American poet Robert Bly (1926-2021). Image courtesy of Haydn Reiss.

KEEPING OUR SMALL BOAT AFLOAT

So many blessings have been given to us
During the first distribution of light, that we are
Admired in a thousand galaxies for our grief.

Don’t expect us to appreciate creation or to
Avoid mistakes. Each of us is a latecomer
To the earth, picking up wood for the fire.

Every night another beam of light slips out
From the oyster’s closed eye. So don’t give up hope
that the door of mercy may still be open.

Seth and Shem, tell me, are you still grieving
Over the spark of light that descended with no
Defender near into the Egypt of Mary’s womb?

It’s hard to grasp how much generosity
Is involved in letting us go on breathing,
When we contribute nothing valuable but our grief.

Each of us deserves to be forgiven, if only for
Our persistence in keeping our small boat afloat
When so many have gone down in the storm.

Robert Bly from Talking Into the Ear of a Donkey, W.W. Norton $ Co., 2011

And the deaths keep coming. Of course. It’s what life brings us. But this poem, this ghazal, by American poet Robert Bly, who died on November 21st , reminds me that my small boat is still afloat even though it feels lower in the water with many deaths this November of valued writers and poets including Robert. I am thinking of Phyllis Webb, Lee Maracle, Etel Adnan and Stephen Sondheim. (For my first response to the news of Robert’s death please click here.)

In light of these deaths is it any wonder I keep coming back to these lines in Robert’s poem above. How challenging and provocative they are!

It’s hard to grasp how much generosity
Is involved in letting us go on breathing,
When we contribute nothing valuable but our grief.

But if Robert is right that what is most valuable about us humans is our grief then I am living that value not only from the deaths of beloved poets but from the grief-shadow thrown by Covid-19. So many losses. And yet this poem that so honours grief – that emotion that so honours life – makes me feel so grateful to be alive. To be here afloat in my small boat.
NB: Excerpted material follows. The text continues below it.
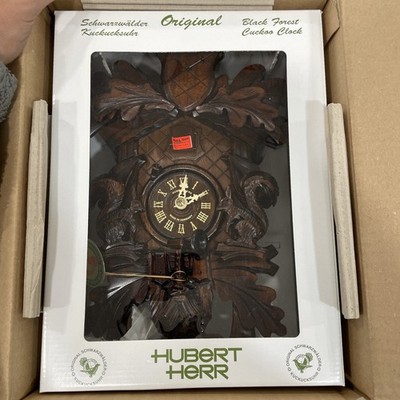 Brand New! NIB Black Forest Hunters Cuckoo Clock Hubert Herr Never Used D-78098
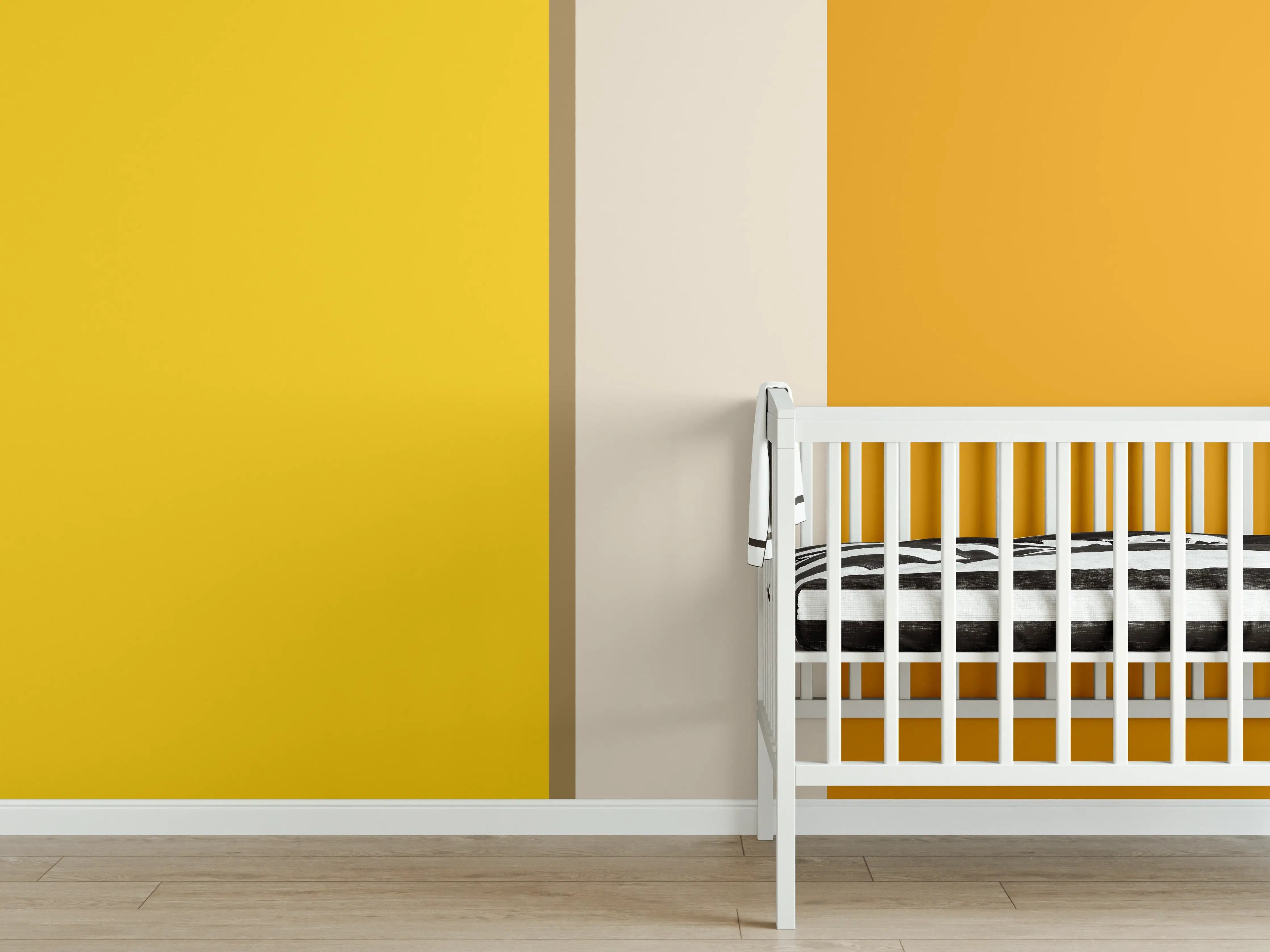 Babyzimmer Wandgestaltung - The Yellows - Vertical - Saffron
And in Robert’s poem I hear echoes from the well-known Fisherman’s Prayer:   Dear Lord, be good to me./ The sea is so wide/ and my boat so small.

That sea seems particularly wide these days. And when I think of my small boat and the poem’s title, Keeping Our Small Boat Afloat, I wonder about a deeper meaning here. At its simplest the small boat is our life. And there are limits as to how we can prevent it from going down!

But what if the small boat Robert refers to could also be our inner life, our spiritual life?  Is the title saying more? Is it saying that this poem can be a way of keeping us afloat in our spirit? This naming and honouring of grief. This not giving up in spite of life’s deaths and losses. I wonder about this as I keep coming back to the provocative last stanza:

Each of us deserves to be forgiven, if only for
Our persistence in keeping our small boat afloat
When so many have gone down in the storm.

The surprise here of us deserving to be forgiven because we have stayed afloat! Especially, When so many have gone down in the storm. For me, I can say this poem and Robert’s life in poetry have kept me buoyant in the smaller storms, the ones that are the stuff of life. And I hope that the aliveness that comes to me when I allow myself to feel my griefs, when I allow myself to fully feel my joys, will be of comfort when the storm I can do nothing about, takes me down. Until then, my thanks again for poetry and poets like Robert who celebrate this mystery of living, here on planet earth!